I just ran this test this morning. Fascinating results! Subscribe to see more tests as I complete them. I'm running one for each of the 5 nozzles on this head and on the P-5R.

[media]https://www.youtube.com/watch?v=YdiLsNozm1Y[/media]


----------



## TommyTester (Jul 3, 2018)

Here is the Maxi-bird testing with the 5 nozzle options. Looks like the Yellow 10 nozzle is the best as far as uniformity and range goes.

[media]https://www.youtube.com/watch?v=OpJXW3nNDXQ[/media]


----------



## TommyTester (Jul 3, 2018)

Here's the test on the Rain Bird P5-R w/5 nozzles as promised.

[media]https://www.youtube.com/watch?v=01QDHizBfrw[/media]


----------



## g-man (Jun 15, 2017)

Do you have a website with just the result tables? I would have assumed all the impact sprinklers were equally bad.


----------



## TommyTester (Jul 3, 2018)

g-man said:



> Do you have a website with just the result tables?
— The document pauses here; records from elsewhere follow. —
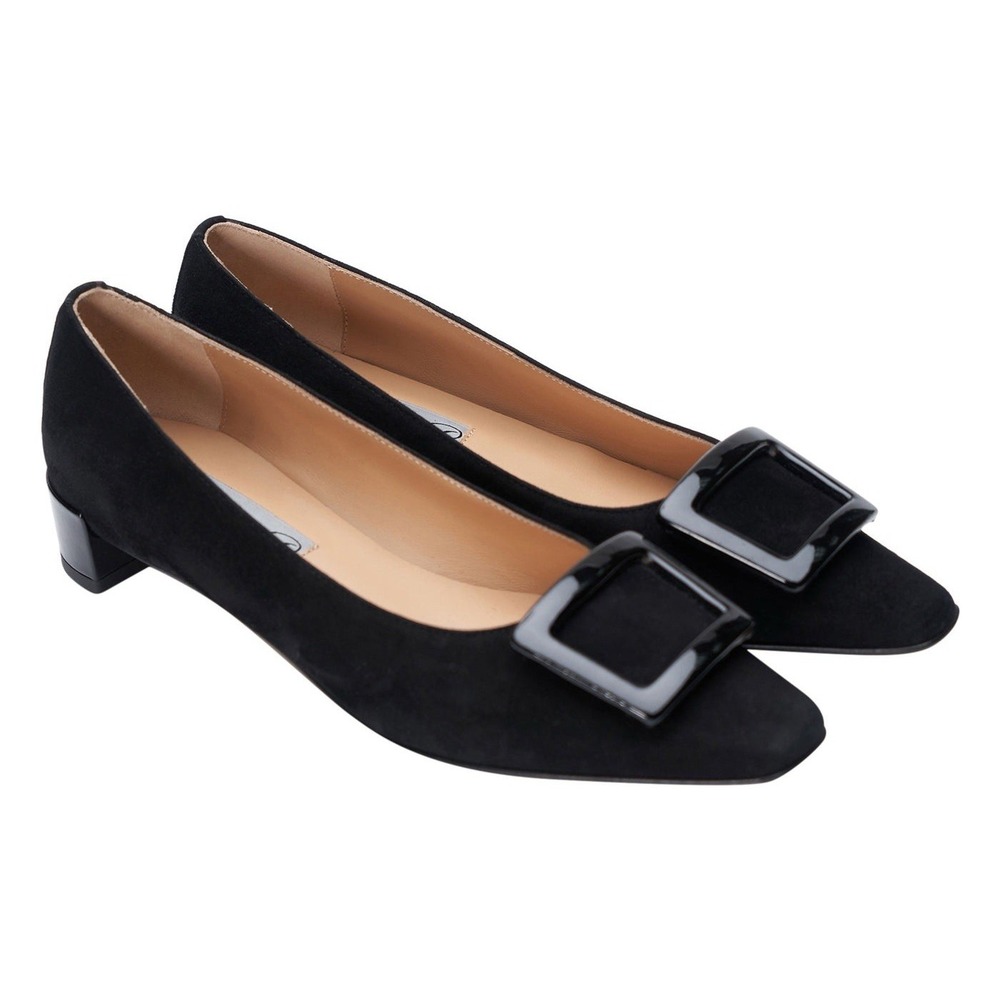 Jet Set Paris Black Suede Buckle Pumps Sz 9 Made in Italy 2" Heel Designer $298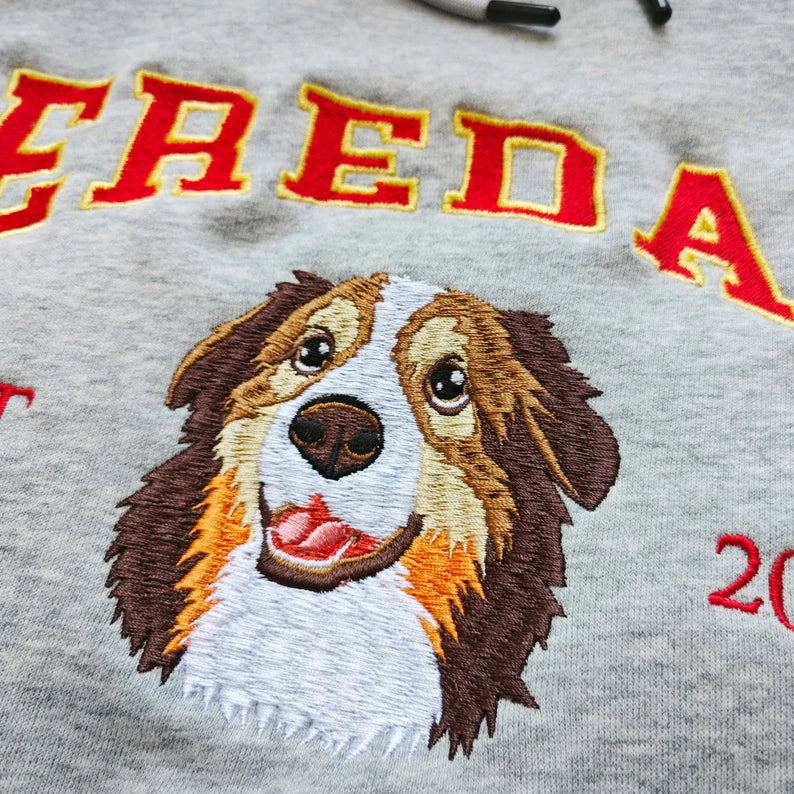 Custom Embroidered Custom Dog Hoodie, Embroidered Dog Name, Personalized Pet Face Sweatshirt from Your Photo, Varsity Style Hoodie, Gifts for Dog Lovers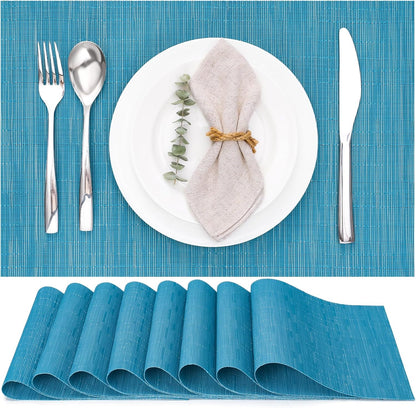 Myir JUN Placemats Set of 8, Vinyl Woven Placemats Place Mats Indoor Set of 8 Washable Table Mats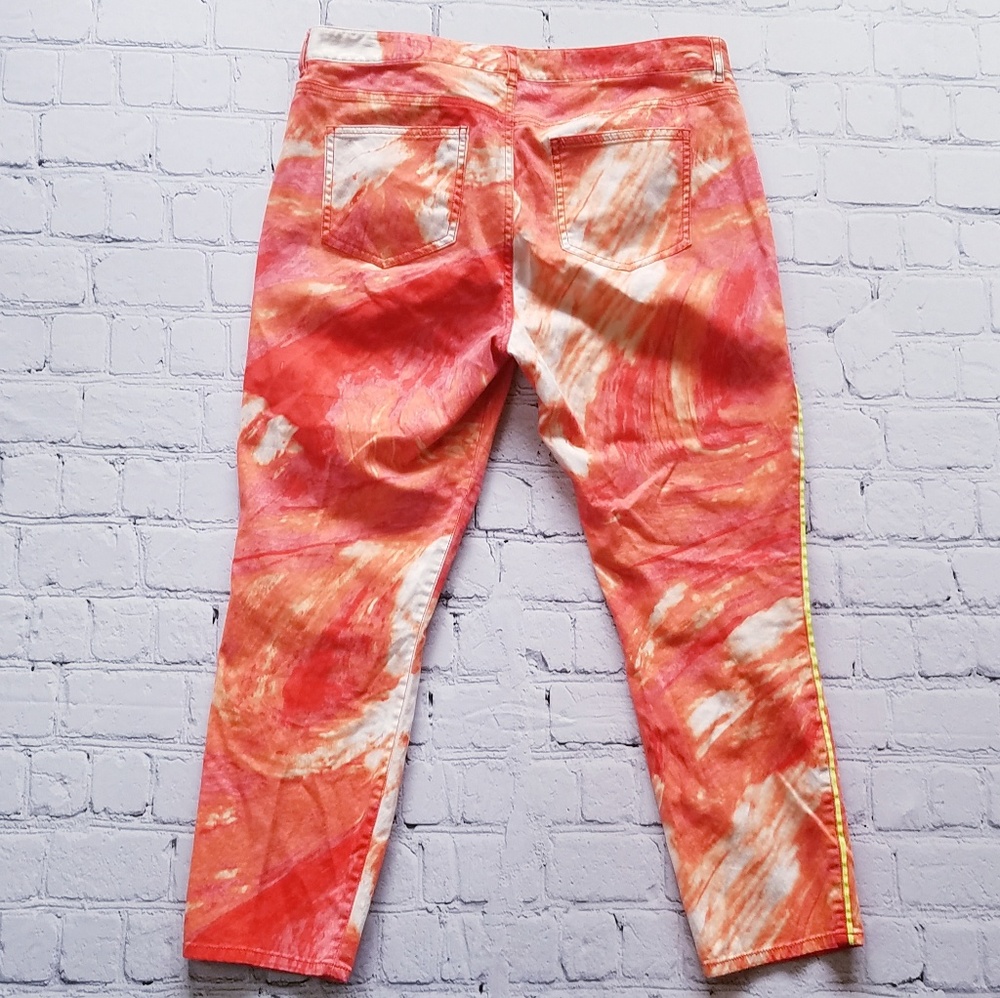 Tahari Peach Orange Tie Dye Crop Pants Sz 10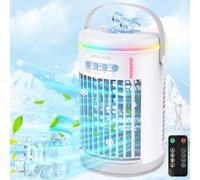 Portable Air Conditioner, 5 in 1 Air Cooler Mini Air Conditioner Fan with Spray & Colorful Night Light, Portable Air Cooler for Home, Office, Travel, Adjustable Wind Speed Spray Mode, 1400ML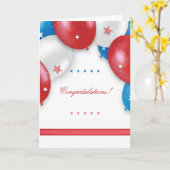 愛国風船の挨拶状 カード (黄色い花)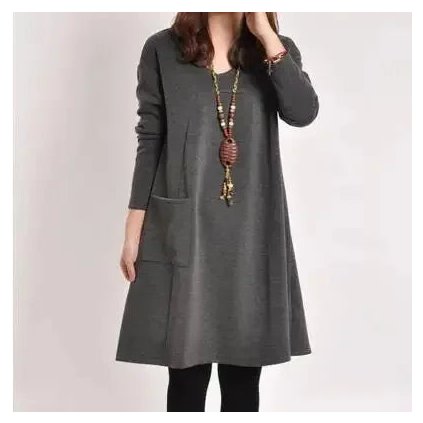 Volné šaty s dlouhým rukávem – plus size šaty pro podzim a zimu (Barva Kávová, Velikost 2XL)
I would have assumed all the impact sprinklers were equally bad.


No, but I will put out a summary video at some point. Hitting 80% DU with one sprinkler (as shown here with the P5-R) is exceptional, and can only be determined by real-life testing. Most fall well under 50%. :wacko:

Since only a small fraction of homes have in-ground systems, the need for good info on hose-end sprinklers is long overdue.


----------



## g-man (Jun 15, 2017)

I agree, I just assumed they all work the same way. I like your test method and objective approach.


----------



## craigdt (Apr 21, 2018)

Woo! This is awesome data for those of us without in ground sprinklers.

I just bought 8 of the P5-R heads a month or two ago and have been impressed with their improvement over cheapo Ace hardware heads.

They work way better with low volume/pressure too.

Great work and thanks for your efforts


----------